** Short text fragments from websites **
+===+

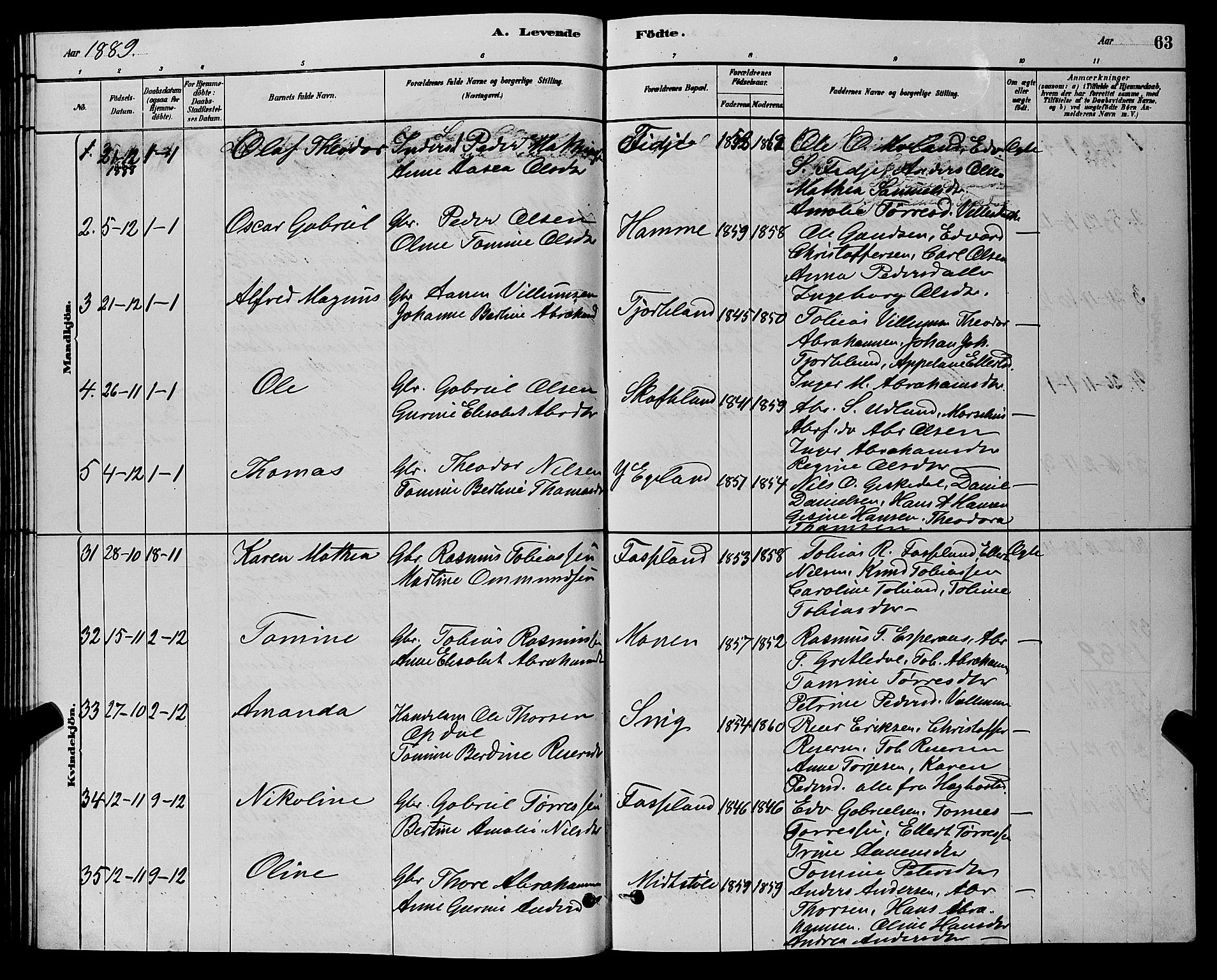 Sør-Audnedal sokneprestkontor, AV/SAK-1111-0039/F/Fb/Fbb/L0005: Parish register (copy) no. B 5, 1880-1892, p. 63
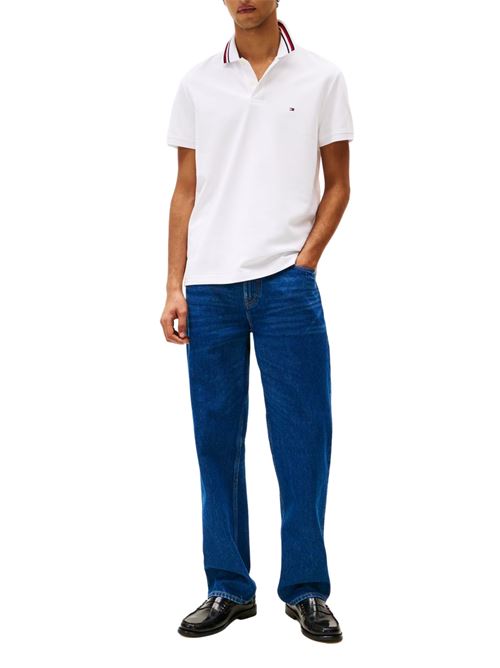Polo uomo bianca in cotone Tommy Hilfiger | MW0MW38484YBR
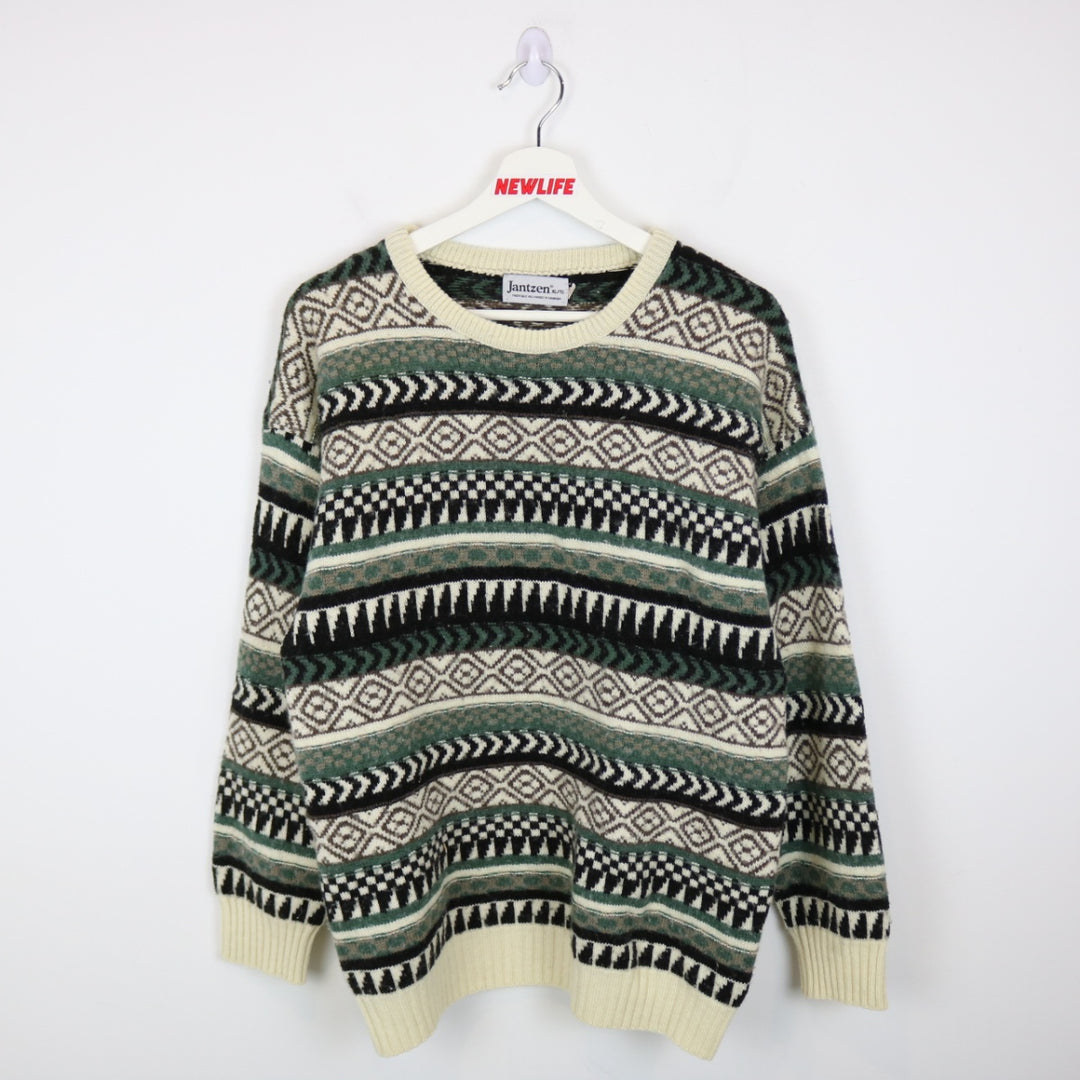 Vintage 90's Jantzen Patterned Knit Sweater - S-NEWLIFE Clothing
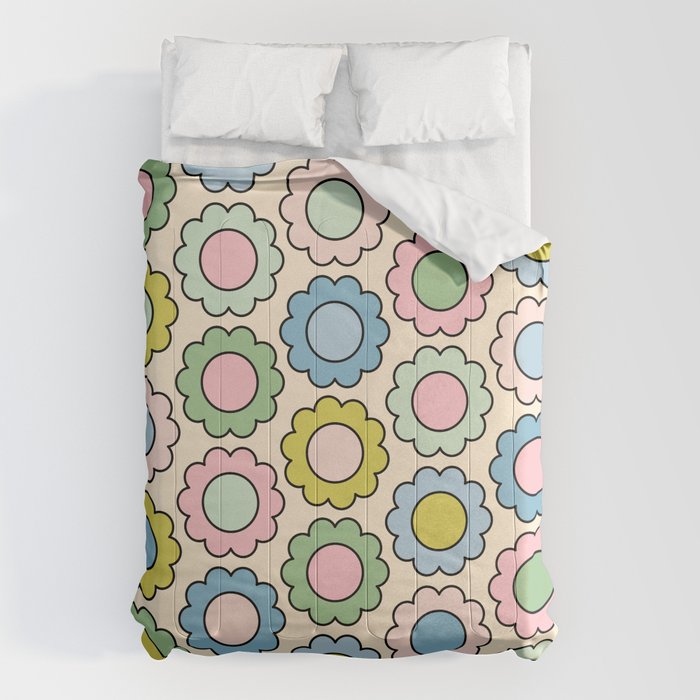 Retro Pastel Flowers Happy Spring Pattern Comforter Gallery Image 6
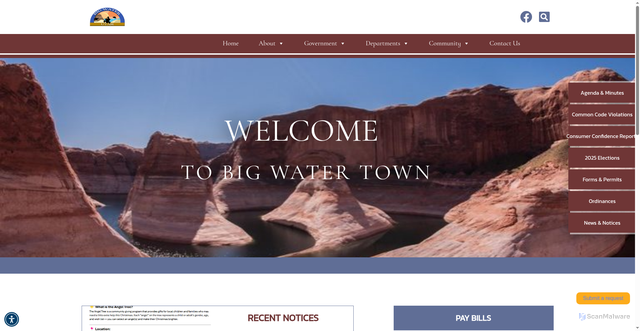 Security scan screenshot of https://bigwaterut.gov/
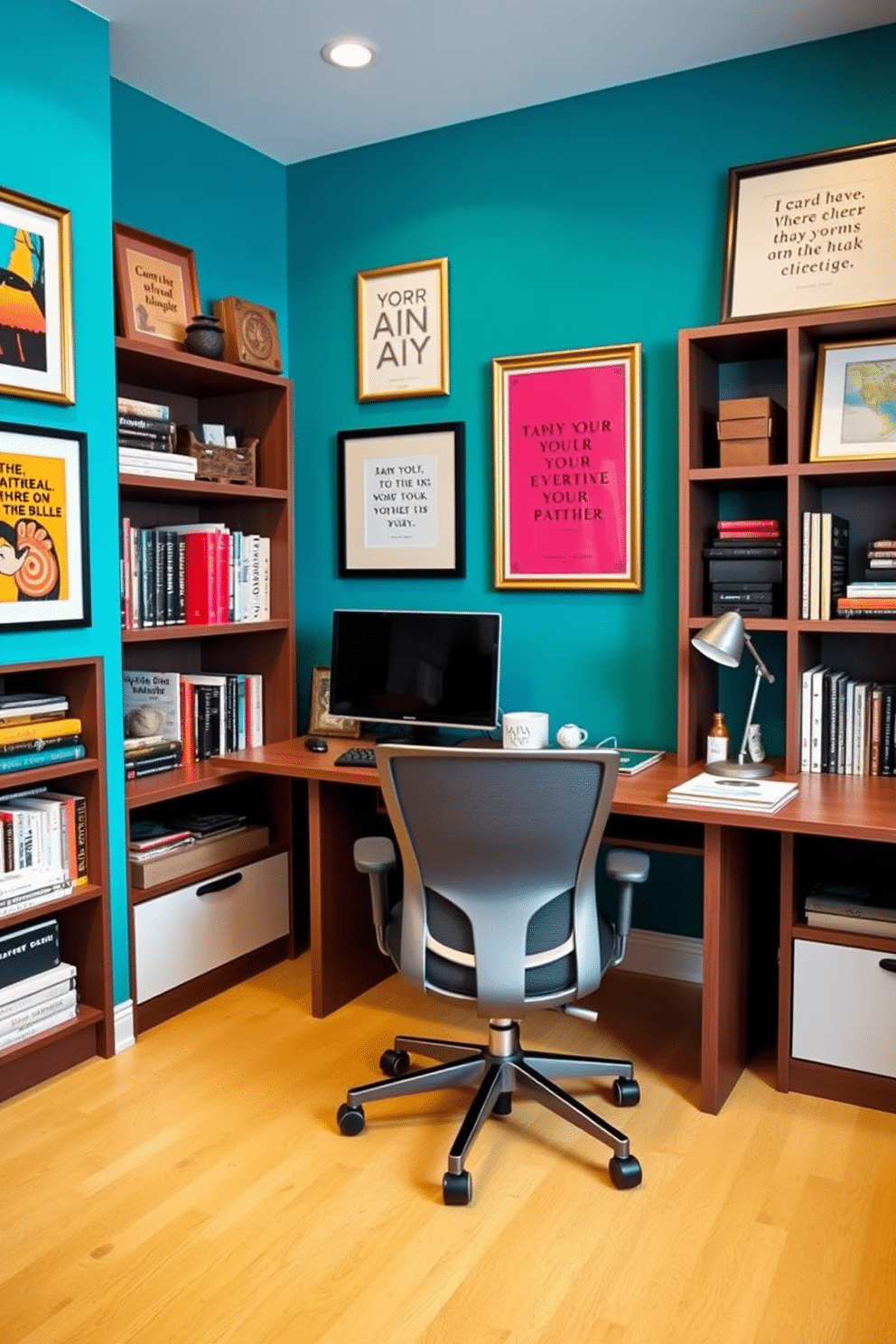 A vibrant study room featuring a colorful accent wall painted in a bold teal, adorned with framed artwork and motivational quotes. The room includes a sleek wooden desk with a modern ergonomic chair, surrounded by shelves filled with books and decorative items that reflect personal interests.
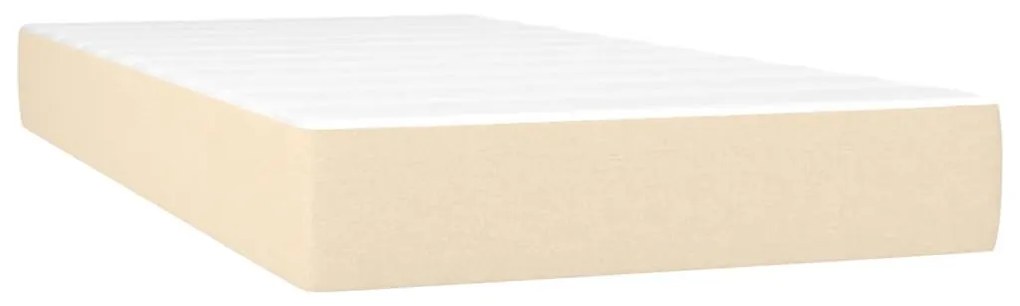 Pat box spring cu saltea, crem, 90x200 cm, textil Crem, 90 x 200 cm, Benzi orizontale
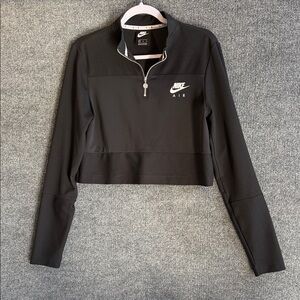 Nike Air Women's Black Quarter- Zip Cropped Athletic Top XL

+===+

** Exercise **
Print the records above verbatim, pictures excluded.

** Response for this exercise **
 Sør-Audnedal sokneprestkontor, AV/SAK-1111-0039/F/Fb/Fbb/L0005: Parish register (copy) no. B 5, 1880-1892, p. 63
Polo uomo bianca in cotone Tommy Hilfiger | MW0MW38484YBR
 Vintage 90's Jantzen Patterned Knit Sweater - S-NEWLIFE Clothing
 Retro Pastel Flowers Happy Spring Pattern Comforter Gallery Image 6
 Security scan screenshot of https://bigwaterut.gov/
 A vibrant study room featuring a colorful accent wall painted in a bold teal, adorned with framed artwork and motivational quotes. The room includes a sleek wooden desk with a modern ergonomic chair, surrounded by shelves filled with books and decorative items that reflect personal interests.
 Pat box spring cu saltea, crem, 90x200 cm, textil Crem, 90 x 200 cm, Benzi orizontale
 Nike Air Women's Black Quarter- Zip Cropped Athletic Top XL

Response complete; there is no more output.